ROCm (Radeon Open Compute)¶
AMD's open software platform for GPU computing, the counterpart to NVIDIA's CUDA.
S¶
Sampling¶
The process of randomly selecting the next token from the probability distribution generated by the model.
Seed¶
A number used to initialize the random number generator. Using the same seed with the same settings will result in the same output from the model (deterministic behavior).
Speculative Decoding¶
An optimization technique where a small, fast "draft" model generates a few tokens ahead, and the large "target" model verifies them in parallel. This can speed up inference by 2-3x without losing quality.
System Prompt¶
The initial instruction given to the model that defines its persona, behavior, and constraints (e.g., "You are a helpful coding assistant").
T¶
Temperature¶
A parameter that controls the randomness of the model's output. High temperature (e.g., 1.0) makes the output more creative and diverse; low temperature (e.g., 0.1) makes it more focused and deterministic.
Tensor¶
A multi-dimensional array of numbers.

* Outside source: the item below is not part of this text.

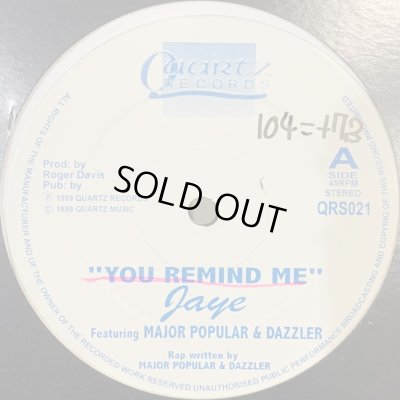 画像1: Jaye feat. Major Popular & Dazzler - You Remind Me (12'')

It is the fundamental data structure used in deep learning.
Throughput¶
The rate at which the system can process tokens, usually measured in Tokens Per Second (TPS). High throughput is essential for serving many users.
Token¶
The atomic unit of text processing for an LLM. A token can be a word, part of a word, or a character. Roughly, 1,000 tokens ≈ 750 English words.
Tool Calling¶
A capability where an LLM can generate structured output (like JSON) to invoke external functions (tools), enabling it to perform actions like web searching or file manipulation.
Transformer¶
The deep learning architecture introduced by Google in 2017 ("Attention Is All You Need") that revolutionized NLP. It relies on the self-attention mechanism to process sequences of data.
U¶
Unified Memory¶
An architecture (notably in Apple Silicon) where the CPU and GPU share the same pool of high-speed memory. This avoids data copying and allows loading massive models that wouldn't fit in dedicated VRAM on a PC.
V¶
vLLM¶
A high-throughput, memory-efficient open-source LLM serving engine. It pioneered PagedAttention and is widely used for production serving.
VRAM (Video RAM)¶
The dedicated memory on a graphics card. The amount of VRAM is the primary bottleneck for running large models locally.
W¶
Weights¶
The learnable parameters of a neural network. When you download a model file (like .gguf), you are essentially downloading these weights.
Z¶
Zero-shot Learning¶
The ability of a model to perform a task it hasn't been explicitly trained to do, simply by understanding the instruction in the prompt.